Oh Rio, wonderful Rio! I had high hopes for this city which is partly why I made it my final destination. I knew it had to keep myself stimulated or my mind would have completely drifted back home to the UK and I’d be wasting the final stretch of my epic adventure. Well what’s not to love about a city that has it all! Beautiful beaches, vibrant culture, bold art, smiley people and a whole lot of ass.
There is so much to do in Rio de Janeiro, I barely know where to begin. So I checked out Copacabana Beach. You can almost see the locals wince as the gringos can’t help themselves but sing the Barry Manilow classic. ‘Copa, Copacabana..’. So the beach is okay, it’s definitely not up there with the world’s best beaches (in my opinion) but the fact that it stretches so far and spans a few miles of the city gives it a certain charm.
So big sights, Rio has so many! Christ the Redeemer is undoubtably impressive and an iconic figure. Stood tall in his commanding pose, the Christ is visible for miles around. I wandered up the hill to the statue and fought my way through the crowds to get a proper peek at the concrete Christ. Tourists were in overdrive, trying to get selfies, which involved balancing at obscure angles and the photographer lying on the floor. Very entertaining!

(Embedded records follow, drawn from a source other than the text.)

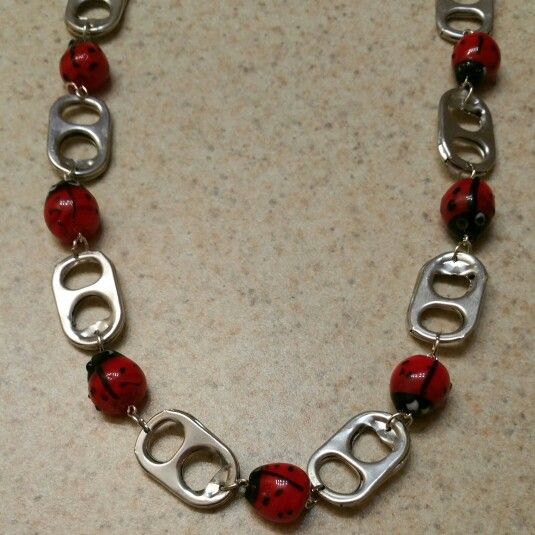 a red and black beaded bracelet with silver clasps on a counter top or floor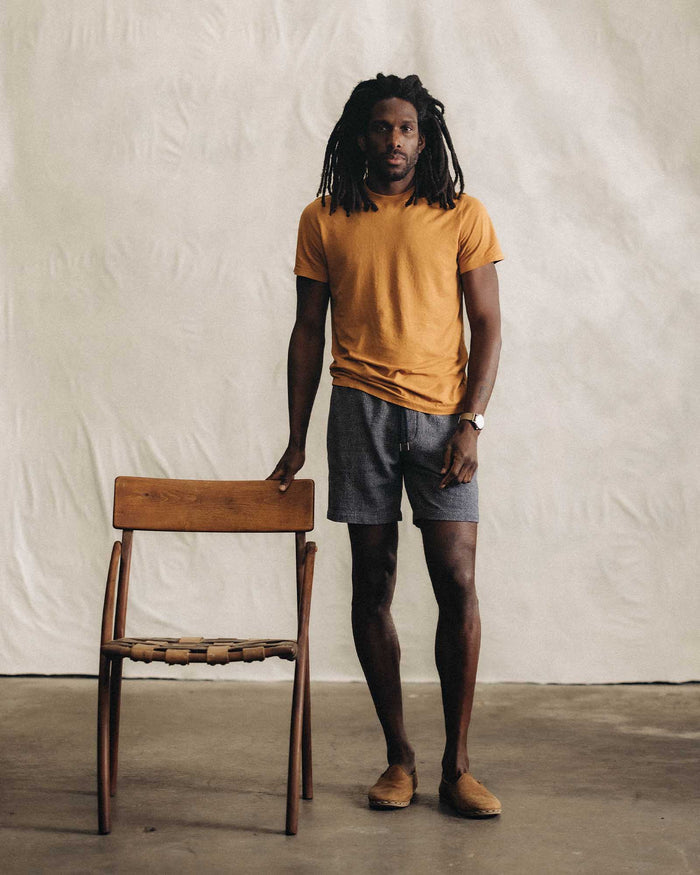 fit model posing in The Apres Short in Navy Linen Tweed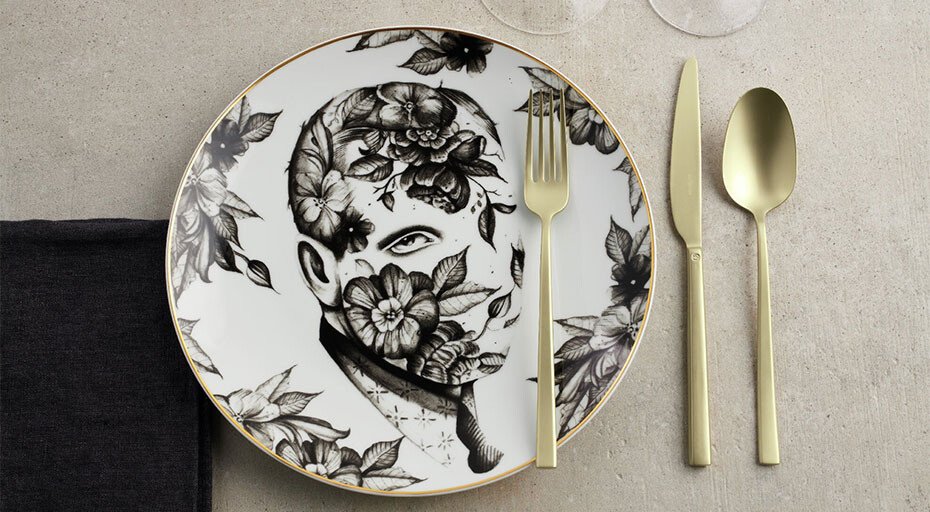 Teller mit floralem Muster, goldfarbenes Besteck, schwarzes Geschirrtuch, auf grauem Untergrund.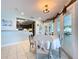 Charming dining area showcasing a view into the updated kitchen and out to the backyard via large glass doors at 255 Lake Link Rd, Winter Haven, FL 33884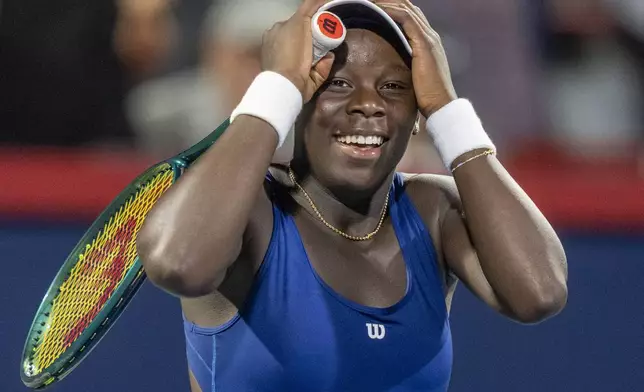 Victoria Mboko, of Canada, celebrates after her win over Marie Bouzkova, of Czechia, during third-round match action at the National Bank Open women's tennis tournament in Montreal, Thursday, July 31, 2025. (Christinne Muschi/The Canadian Press via AP)
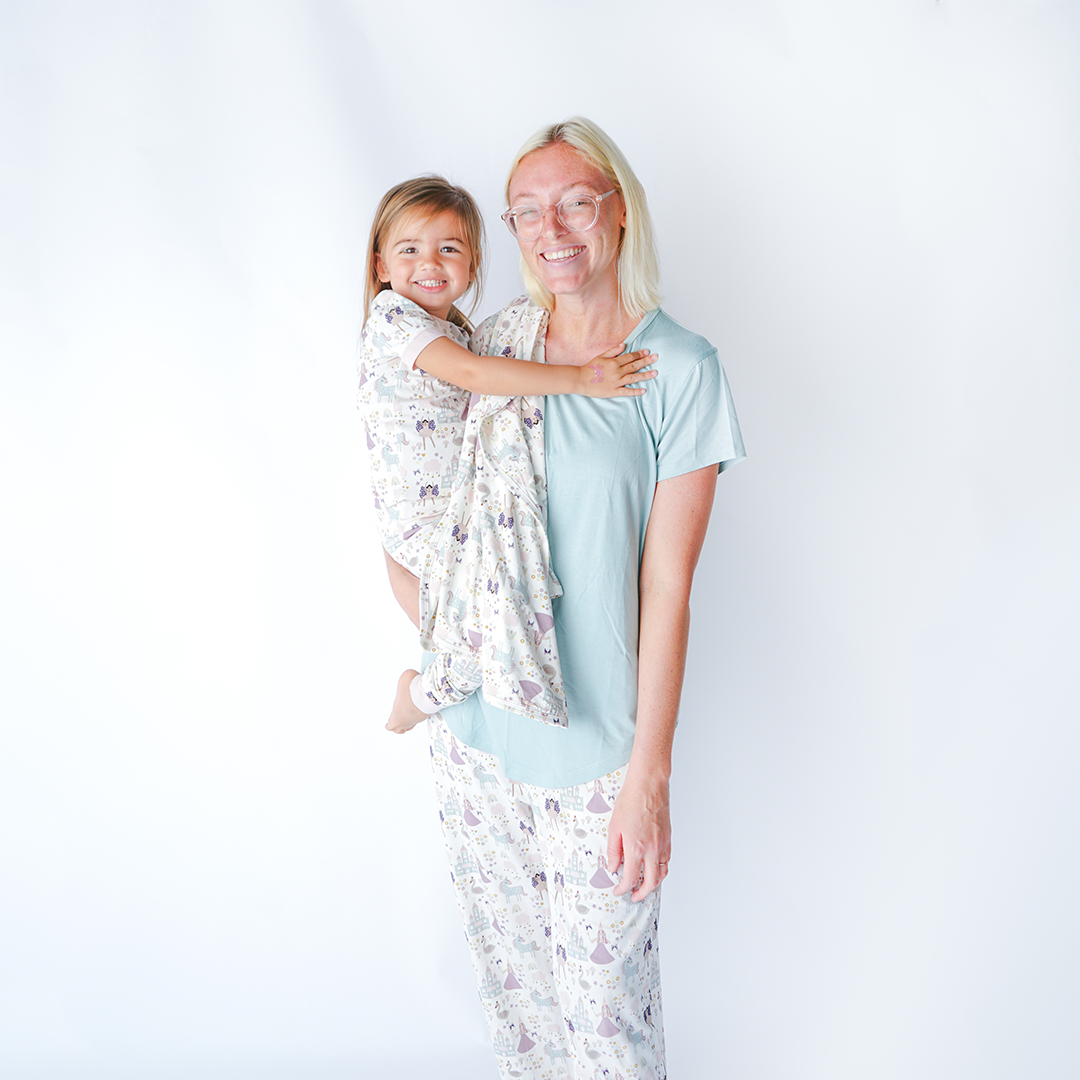 a mom smiles with her daughter on her hip. the "once upon a time" bamboo blanket is draped over her shoulder. they are both wearing "once upon a time" apparel. the mom in the relaxed pants and the daughter in the 2-piece matching pajama set. the "once upon a time" print is a mix of pinks, purples, whites, blues, and yellows. you can see fairy princess and regular princess, unicorns, swans, and castles. theres also hearts, stars and sparkles scattered around the print. 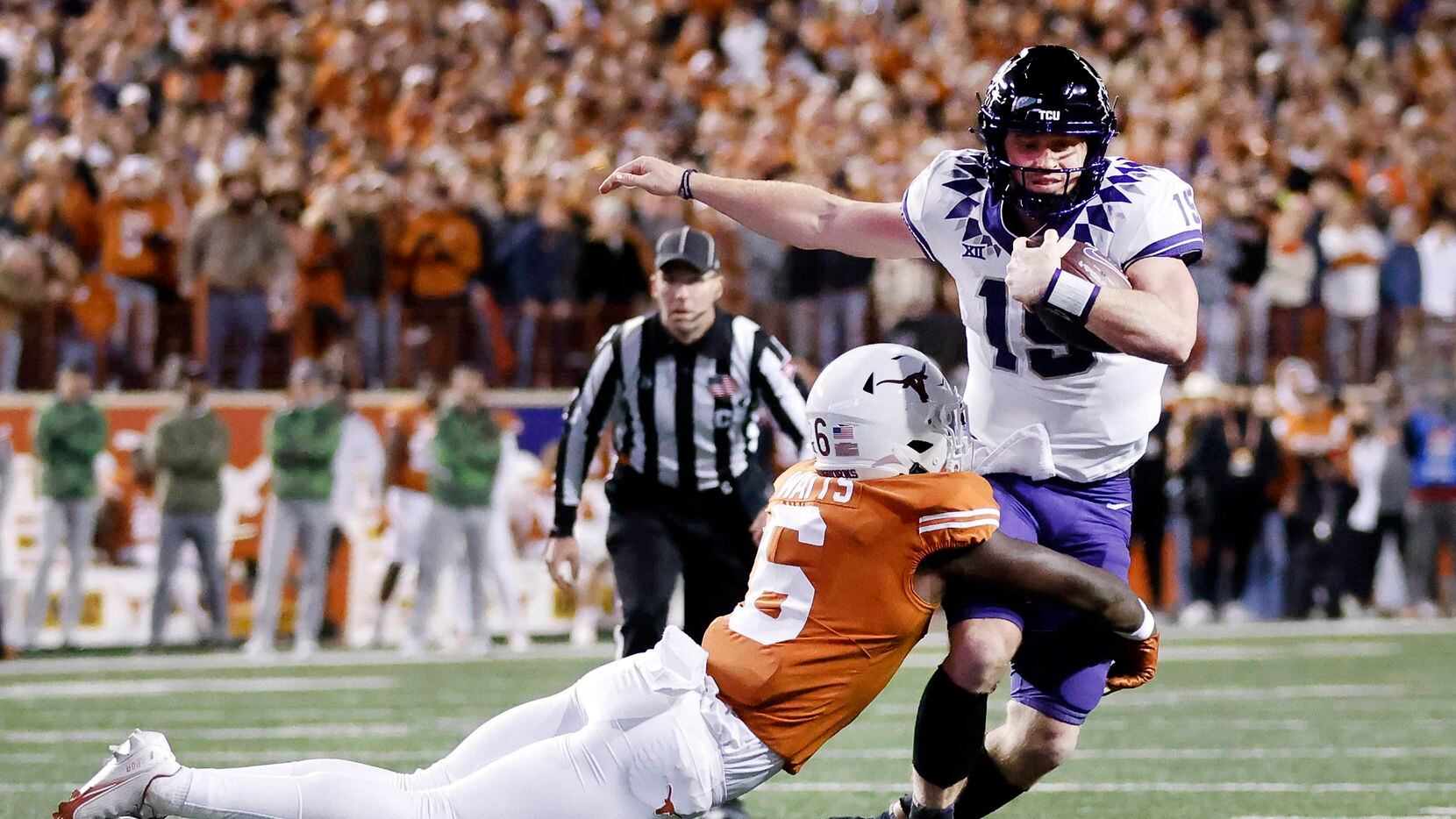 TCU Horned Frogs quarterback Max Duggan (15) is tackled in the open field by Texas Longhorns...
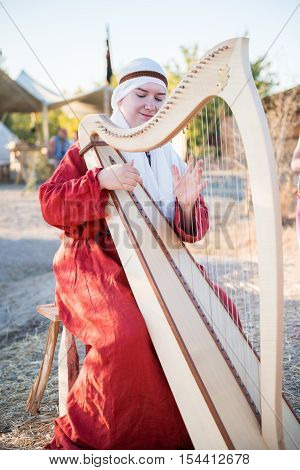 SEVASTOPOL, RUSSIA - SEPTEMBER 11, 2016: Woman dressed in vintage clothes plays harp on Crimean Military Historical festival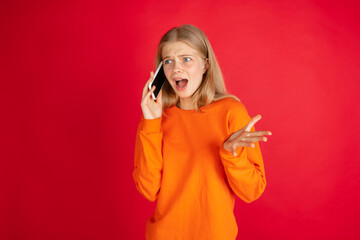 Shocked talking phone. Portrait of young caucasian woman isolated on red studio background with copyspace. Beautiful female model. Concept of human emotions, facial expression, sales, ad, youth.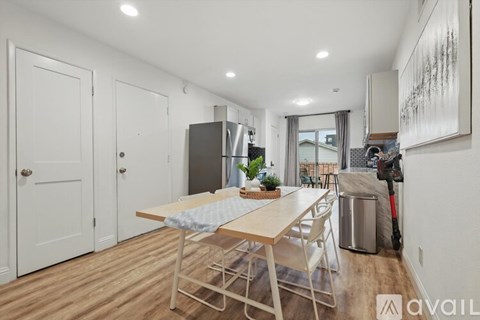A dining area with a table and chairs is shown in the image.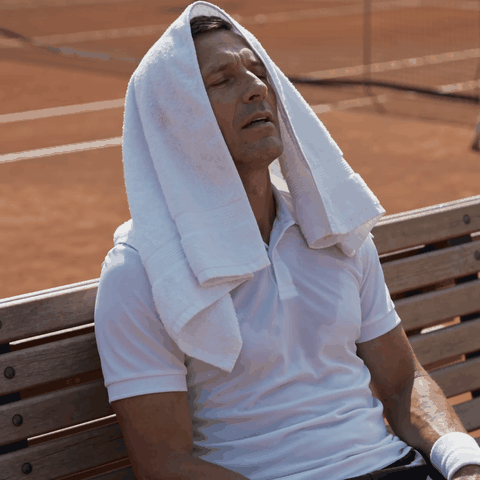 Tennisspieler sitzt komplett erschöpft mit Handtuch über dem Kopf auf der Court-Bank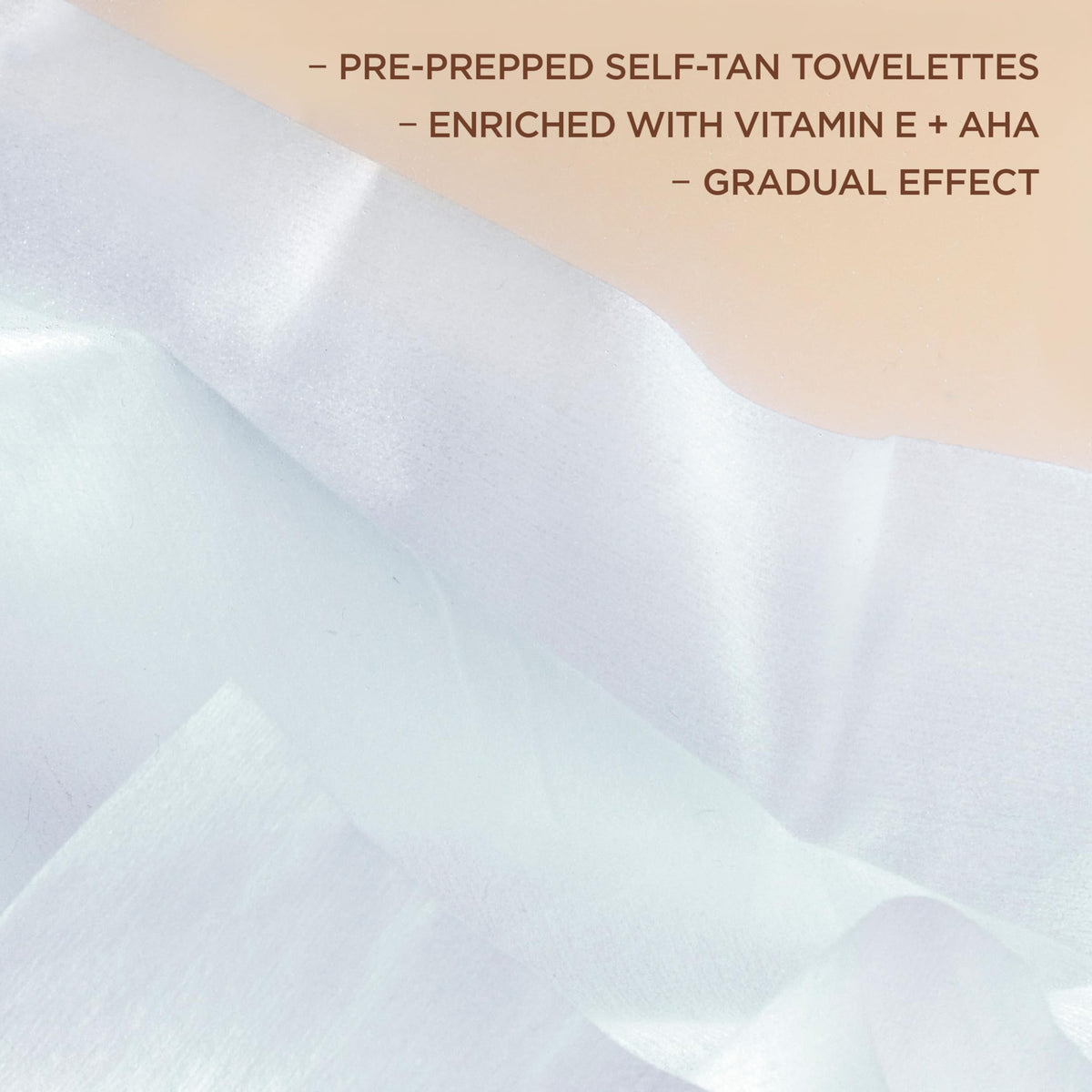 L'Oreal Paris model applying towelette in hand for mess-free tan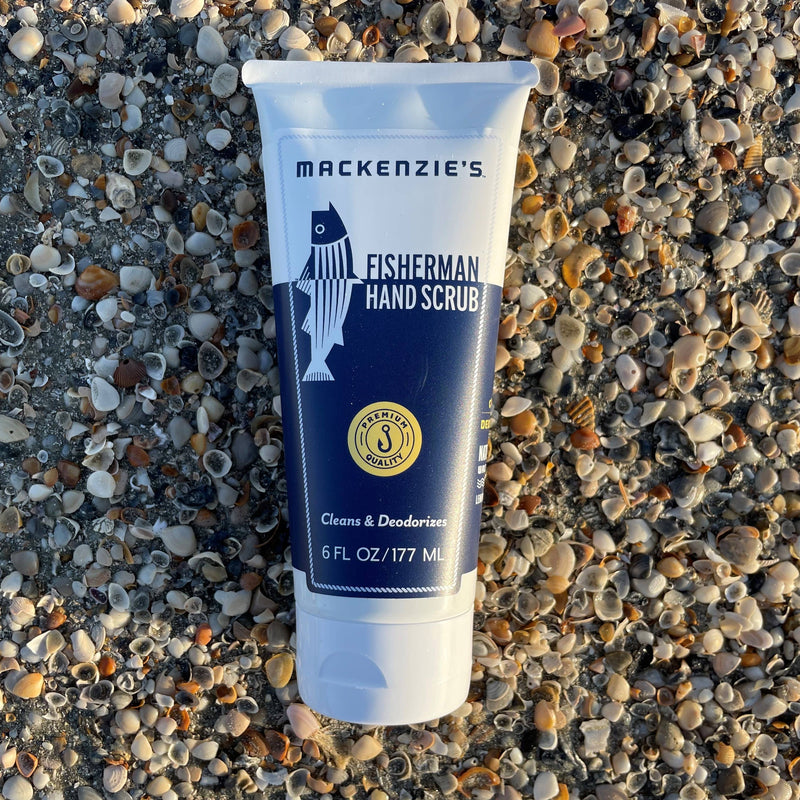 MacKenzie's Fisherman Hand Scrub 6 fl oz tube on seashells, perfect for cooks and gardeners, offering effective cleaning and deodorizing with walnut husks and lemon oil.
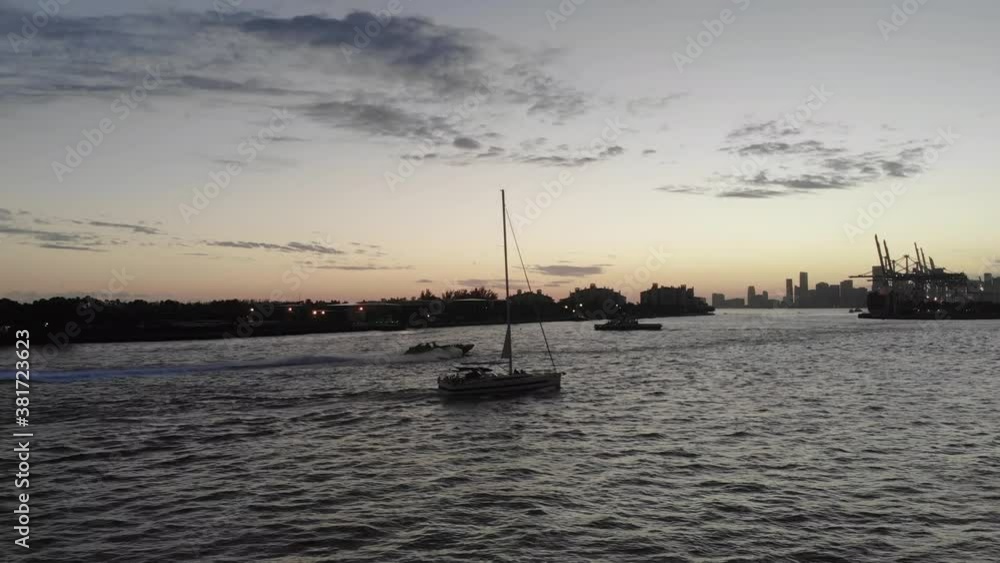 Multiple boats out on the water enjoying dusk light with Miami silhouetted in the distance Multiple boats out on the water enjoying dusk light with Miami silhouetted in the distance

Santa Teresa and the colourful Lapa steps. Chilean artist, Jorge Selaron spent years carefully covering these steps with broken tiles and ceramics all in the colours of the Brazilian flag as a present to the people. Many of the tiles are hand painted, with images depicting different countries from around the world. Blood, sweat and tears went into those steps and Jorge almost lost everything including his home many times. He was eventually found dead, on his steps, covered in burns. A bit suspect hey. I’d have loved to have spent hours here, checking out every inch of his wonderful work but sadly as night falls it’s not too safe to hang out here. We couldn’t head up to the top and were warned if we did we’d get mugged. I want to head back, perhaps with someone big and strong or perhaps just local so I can enjoy the steps for longer.
Sugarloaf Mountain, like any GOOD mountain has a cable car. Fuck walking up it. Although I did see some people scaling the sheer rock face, which looked like an exciting way to reach the top. The views from the top are truly spectacular and I was lucky enough to arrive at sunset. As the sun disappeared, darkness cloaked the skies but the city lights flicked on and Rio came to life.
Without a doubt though Rio’s favelas were the most interesting aspect of the city. I was lucky enough to be able to explore the Rocinha favela and check out the views from one of the highest points from a hostel terrace. These pop up communities that span for miles around, house the poorest people in Rio. Shops, schools and every normal facility we’d expect to see can all be found within the favelas. Originally run by gangs many of these communities now have police involvement, making them a little safer to enter – albeit you have to be with a local guide. The electricity used to power the communities is taken from the richer people. As you wind your way down the narrow streets you just need to look up to see an absolute mish-mash of wires and cabling. With the World Cup having just ended much of the street art was football related, but many pieces also portray the people. I never once felt threatened, smiles beam from every face and despite being a very poor neighbourhood the bold splashes of colour make it such a vibrant place to be.
Crikey, what next. Well I could bore you with shopping tales because it’s a pretty bloody fantastic place to spend your cash and you could spend loads. Rio is an insanely expensive city, especially by South American standards. Window shopping is a little lighter on your wallet, but obviously pretty unsatisfying too.
There are so many art galleries in Rio but I completely ran out of time! Another reason to come back. I did however spend my last day almost being killed on a public bus, whose driver thought he was on Germany’s autobahn and not the busy city streets to get to the other side of town. Having survived that and on the hunt for food we wandered down what looked like a lifeless alley way to discover it opened out into a street of restaurants and cafes with live music everywhere. The atmosphere was incredible and a good feed of Feijoada, the typical Brazilian beans and meat casserole was the perfect way to say goodbye to Brazil, to Rio and to my travels (for now!).